Tal fragmentação desfavoreceu especialmente aqueles partidos políticos com liames societários mais fortes, como é o caso do PT, cujas bases operárias e sindicais fracionaram-se paulatinamente em vários sistemas especializados, com interesses específicos e, por vezes, conflitantes.

No caso dos partidos do tipo catch-all, não houve tantas dificuldades, já que sua amorfa constituição mostrou-se bem mais flexível e maleável para abrigar diferentes subsistemas ideologicamente conflitantes (RIBEIRO, 2004). Mas o aparecimento dos inúmeros subsistemas, como grupos de minorias étnicas, ecologistas, organizações não governamentais, movimentos feministas de vários tipos, e outros, impeliu as agremiações partidárias a modernizarem-se sob pena de perderem grande parte dos recursos necessários à sua sobrevivência.

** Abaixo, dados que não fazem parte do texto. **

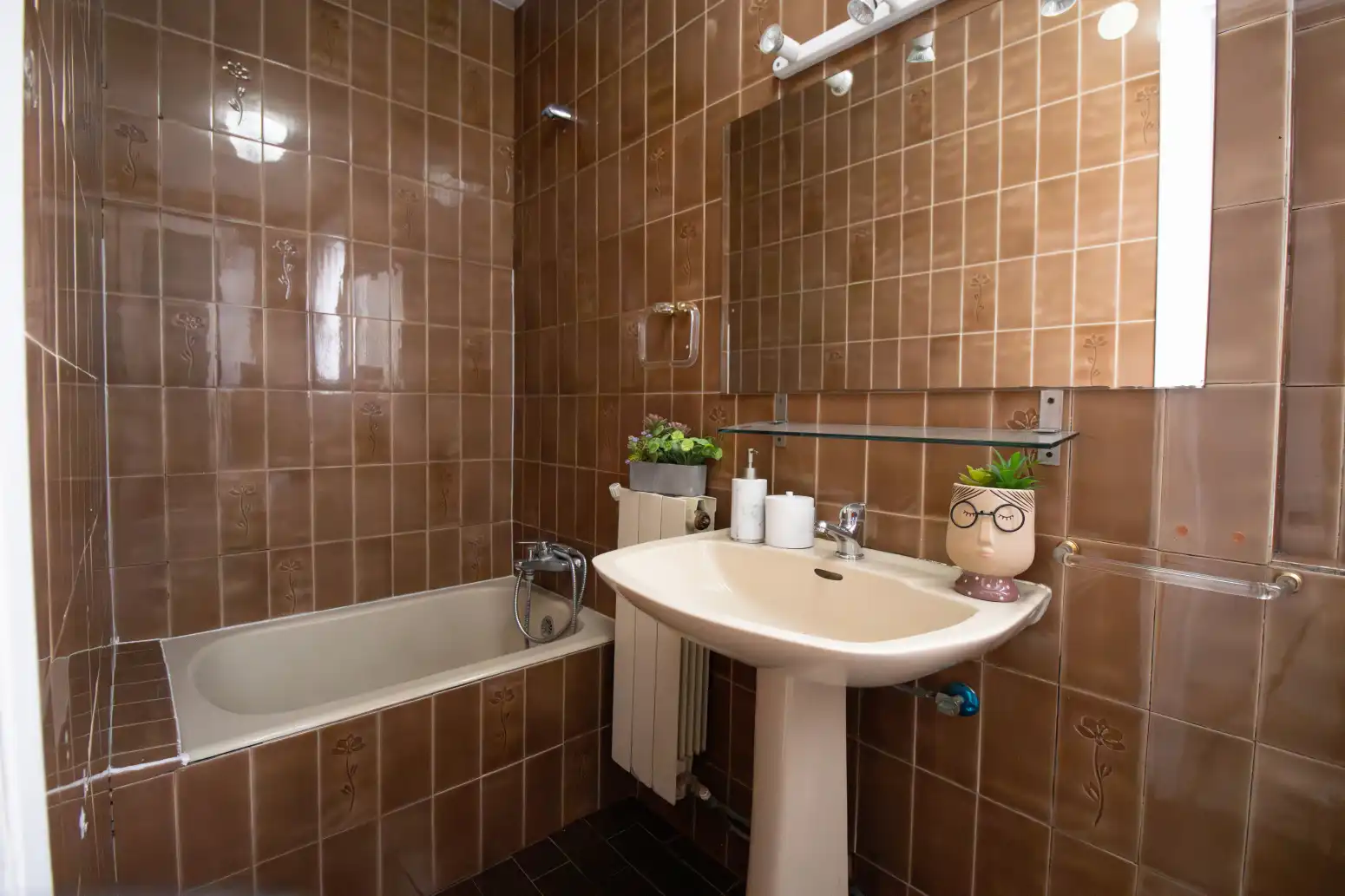 Baño de Piso en venta en  Pamplona / Iruña con Calefacción y Parquet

No aspecto simbólico, também se observam mudanças: a crescente complexidade social culminou com a ruptura das identidades tradicionais pautadas em estruturas agregadoras e inclusivas, como igrejas e partidos. Tais organizações se enfraqueceram frente aos novos subsistemas especializados que formam identidades mais efêmeras, “na medida em que estão

em permanente rearranjo com outras microestruturas com o fito de melhor atender a seus interesses particularistas” (RIBEIRO, 2004; p. 31). Esse fato dificulta grandemente a construção de relações duradouras de identidades partidárias.

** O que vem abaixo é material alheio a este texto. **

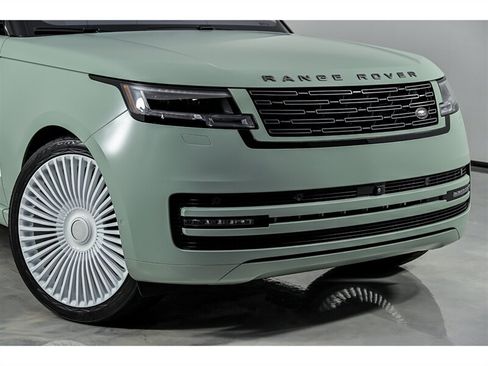 Used 2023 Land Rover Range Rover SE AWD/4WD image 2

Outro importante aspecto dessas transformações é a evolução tecnológica e a difusão maciça dos meios de comunicação, em especial a televisão, que fez aflorar a possibilidade de uma relação direta, sem mediações, entre políticos e eleitores. Esse fato tornou ainda mais comum o sucesso de políticos sem nenhum vínculo ou apelo partidário. Dentro desse mesmo conjunto de transformações no campo da mídia, podemos incluir o refluxo da imprensa opinativa e partidária em prol de uma imprensa mais comercial e supostamente imparcial, neutra e informativa, fazendo com que as agremiações partidárias perdessem importância como formadoras de opinião (RIBEIRO, 2004; ABREU, 2003). Em outras palavras, as agremiações partidárias, salvo raras exceções, para não se cair no determinismo, e os políticos passam a ter dois caminhos a seguir: ou aderem ao cenário hegemônico – que na prática significa seguir o conselho do marketing político-eleitoral para tornar-se simpático ao eleitor, mesmo que isso signifique mudar o discurso, o lugar de fala e até mesmo o programas de governo – ou o enfrentam e saem gritando palavras de ordem de oposição, com grandes chances de tais críticas terem um efeito bumerangue, culminando com derrotas nas urnas (ALMEIDA, 2002).

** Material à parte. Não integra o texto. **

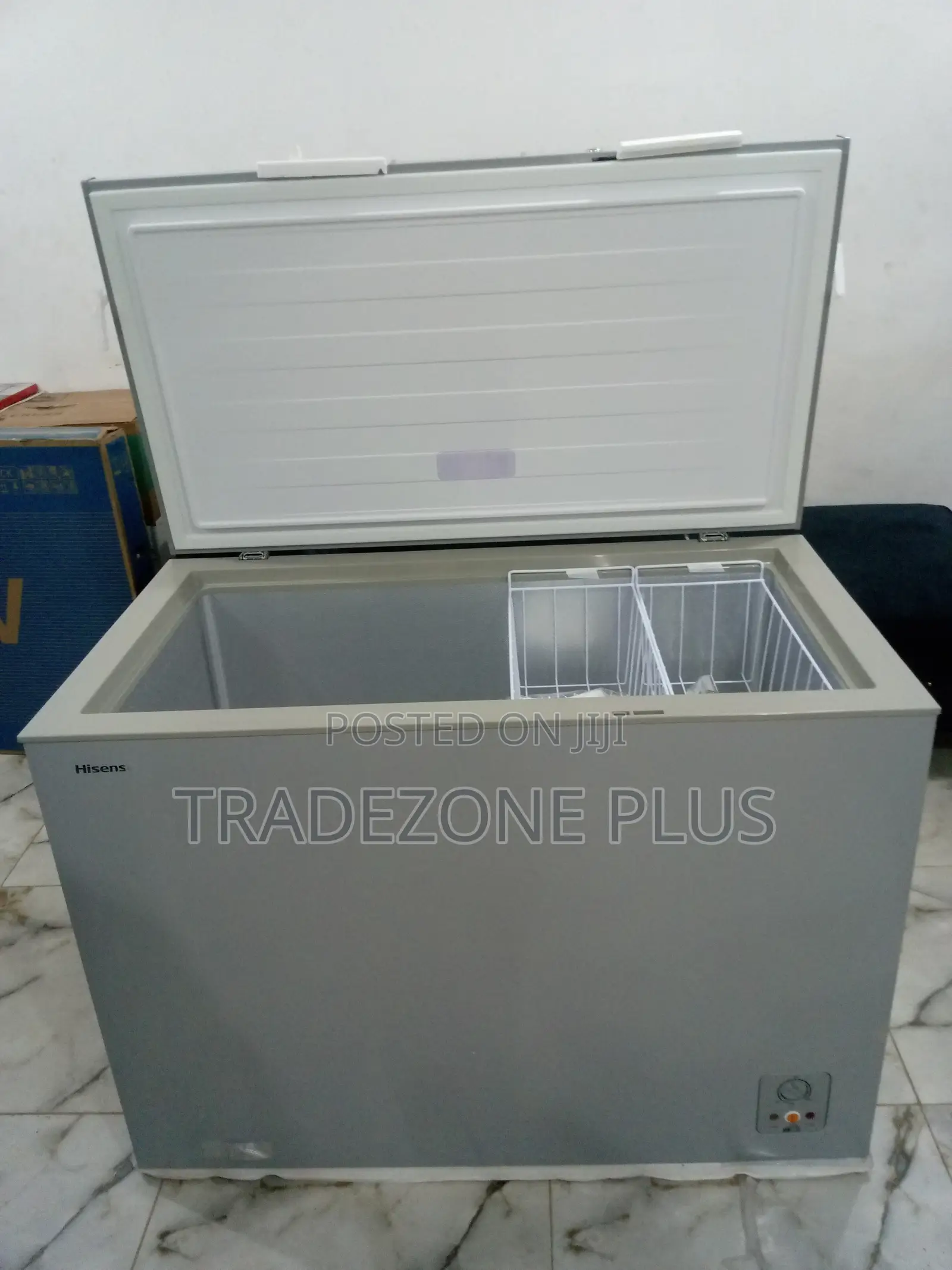 Durable 297ltr Chest Freezer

Coaduna-se com a idéia de que o Partido dos Trabalhadores, em nome do principio de realidade, acabou se alinhando ao novo cenário institucional, apesar das iniciais dificuldades de compreendê-lo. Parte da esquerda do partido compartilhava a idéia de que esse comportamento se limitaria a uma inflexão necessária, que seria corrigida mais a frente, em condições favoráveis. Outros setores passaram a externar as suas insatisfações que, em muitos casos, levaram à dissidências. Não obstante, passado o período mais polêmico e conturbado da transição, o diagnóstico não é outro senão aquele apontado por Vianna (2006, p. 11) segundo o qual “a adaptação ao mundo venceu o impulso por mudá-lo”.